Sad sadder day / Since I heard you went away / Sad sadder day / When I can't see your face

Last Monday we got the Dynasty into my name and I paid all the taxes and all that good stuff on it and got insurance. Tuesday I drove up to Storm Lake to interview for the position of Office Manager for Career Services at Buena Vista University. The interview went really well. She was very impressed by me, my resume, and my portfolio. And I was excited about this opportunity: great benefits, a job that would allow me to use my degree but wasn't entirely PR, a really nice boss, and an area where I would love to live. She told me that she should have her decision made by Thursday and would call me either way by Friday. Well, I was hoping to have good news for you all, but, alas, that is not to be. Friday afternoon I got the call that I knew was coming when I hadn't heard from her yet. She said the decision was really difficult, but she decided to go with someone else.

So now tomorrow I get to call them about the other jobs I've sent my resume for and find out what the status is on those because I'm losing patience. I just want something...I'm starting to not even care about benefits anymore...just something to get me somewhere I like so that I can more easily look for something better. I don't know. I hate this.

I got the sweetest thing in the mail on Friday: the past three months worth of newsletters for Our Redeemer Lutheran Church in Greenville. I really miss them sometimes. And I'm starting to really seriously miss my GC friends because so many of them are back down there for the beginning of this school year. Heck, I'm just kinda down about the fact that I will not be going back to school like just about everyone else I know is and like I'm so used to doing. It's really strange. I don't know what's wrong with me. And no, Christy, Ryan, and Bill, I will not go to grad school.

Today, for the first time in my life (with the exception of the past two years when I was down at Greenville already), I didn't go to the annual Ames City Employee Picnic. Apparently, only those members of the family on the insurance policy were able to attend, so my parents went while I stayed home and watched some movies and Gilmore Girls to try to get myself out of this annoying funk I've been in.

OK, ending on some good notes: Yay Cael!! :-D Congratulations Bill on finally being able to answer, "yes, I am engaged." ;-) And happy birthday to Eric and apparently my Uncle Dave. :-) Oh, and for some reason when I topped-up my VirginMobile account tonight, they "added a $5 'Pass It On' airtime bonus"--whatever that means and whyever I got it...I ain't complainin'! :-D




Thursday, August 26, 2004

 

Things that make you go "hmm..." or "huh?" or "Oh man!!" or "What the...?" or... :-)

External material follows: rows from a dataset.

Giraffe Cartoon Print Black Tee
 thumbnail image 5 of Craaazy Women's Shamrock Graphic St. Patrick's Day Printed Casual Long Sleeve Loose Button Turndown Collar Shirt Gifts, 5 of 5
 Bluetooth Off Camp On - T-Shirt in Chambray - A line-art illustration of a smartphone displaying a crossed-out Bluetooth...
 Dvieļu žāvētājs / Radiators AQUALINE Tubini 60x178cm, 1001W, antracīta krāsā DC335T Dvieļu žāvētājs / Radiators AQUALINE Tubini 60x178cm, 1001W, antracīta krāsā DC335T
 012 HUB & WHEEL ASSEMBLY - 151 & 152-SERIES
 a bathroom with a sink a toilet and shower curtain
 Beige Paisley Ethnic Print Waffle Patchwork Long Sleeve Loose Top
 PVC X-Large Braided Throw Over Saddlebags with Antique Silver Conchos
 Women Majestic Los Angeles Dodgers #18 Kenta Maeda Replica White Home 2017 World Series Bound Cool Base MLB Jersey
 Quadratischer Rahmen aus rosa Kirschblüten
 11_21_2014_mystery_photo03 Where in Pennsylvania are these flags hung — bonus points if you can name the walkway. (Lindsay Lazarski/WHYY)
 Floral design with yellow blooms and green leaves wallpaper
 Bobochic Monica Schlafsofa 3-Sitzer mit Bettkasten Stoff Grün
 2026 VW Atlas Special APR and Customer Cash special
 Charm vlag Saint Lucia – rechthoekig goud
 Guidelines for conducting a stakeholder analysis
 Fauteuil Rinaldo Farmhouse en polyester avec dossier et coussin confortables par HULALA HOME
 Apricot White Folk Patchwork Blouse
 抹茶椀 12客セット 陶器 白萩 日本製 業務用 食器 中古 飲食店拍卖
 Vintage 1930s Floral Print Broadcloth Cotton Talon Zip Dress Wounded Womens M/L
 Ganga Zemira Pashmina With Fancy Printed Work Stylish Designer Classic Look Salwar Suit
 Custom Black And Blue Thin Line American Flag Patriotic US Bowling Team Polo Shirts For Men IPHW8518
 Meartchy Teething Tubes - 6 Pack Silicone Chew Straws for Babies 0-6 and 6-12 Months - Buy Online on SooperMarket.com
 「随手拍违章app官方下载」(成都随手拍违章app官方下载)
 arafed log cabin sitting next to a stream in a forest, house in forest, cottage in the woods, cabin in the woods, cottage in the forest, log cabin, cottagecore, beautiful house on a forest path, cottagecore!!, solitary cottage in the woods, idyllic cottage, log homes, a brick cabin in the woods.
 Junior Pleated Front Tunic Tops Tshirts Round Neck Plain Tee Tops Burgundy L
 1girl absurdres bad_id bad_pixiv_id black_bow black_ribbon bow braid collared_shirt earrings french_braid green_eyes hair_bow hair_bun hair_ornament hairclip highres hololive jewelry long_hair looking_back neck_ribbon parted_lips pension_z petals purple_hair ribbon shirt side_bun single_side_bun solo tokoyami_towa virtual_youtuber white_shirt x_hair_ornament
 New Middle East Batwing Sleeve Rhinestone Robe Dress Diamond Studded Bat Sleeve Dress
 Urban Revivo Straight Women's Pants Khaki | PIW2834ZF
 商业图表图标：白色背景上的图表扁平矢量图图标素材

This is a radar image from KCCI yesterday afternoon. I'm not sure what it was on, but I think I want some. ;-)


And speaking of radar and KCCI...did we have some storms tonight!! I have been waiting so long for these--it is about dang time! I only wish, though, that I had been able to be out chasing 'em down. That's one of those things I don't think I'd do alone. I did, however, run (ok, jog) down to the railroad tracks to see what the storm rolling in looked like. And when the tornado warning was issued for Story County, I took a peek out the front door, again wishing I were out watching it. And I calmly grabbed phones and stuff and went downstairs like the good little girl I didn't want to be when the sirens finally sounded. I flipped on the TV and sat there riveted by the detailed coverage the three major stations had, until they returned me to regular programming. Now, normally, I would have been extremely happy to be back to CSI, but I'd take severe weather coverage over CSI any day and not because I thought I was at all in danger because I knew chances were good that I wasn't.

On to other things... I didn't know that anyone could be more talkative than Jessica, but her little sister Natalie is proving me wrong. Natalie is the newest custodian down at church and she likes to talk. She also cleans more thoroughly than I have ever seen anyone else at that church except for occasions when I'm looking for a whole lot more hours or there little things that usually go unnoticed are just really getting on my nerves.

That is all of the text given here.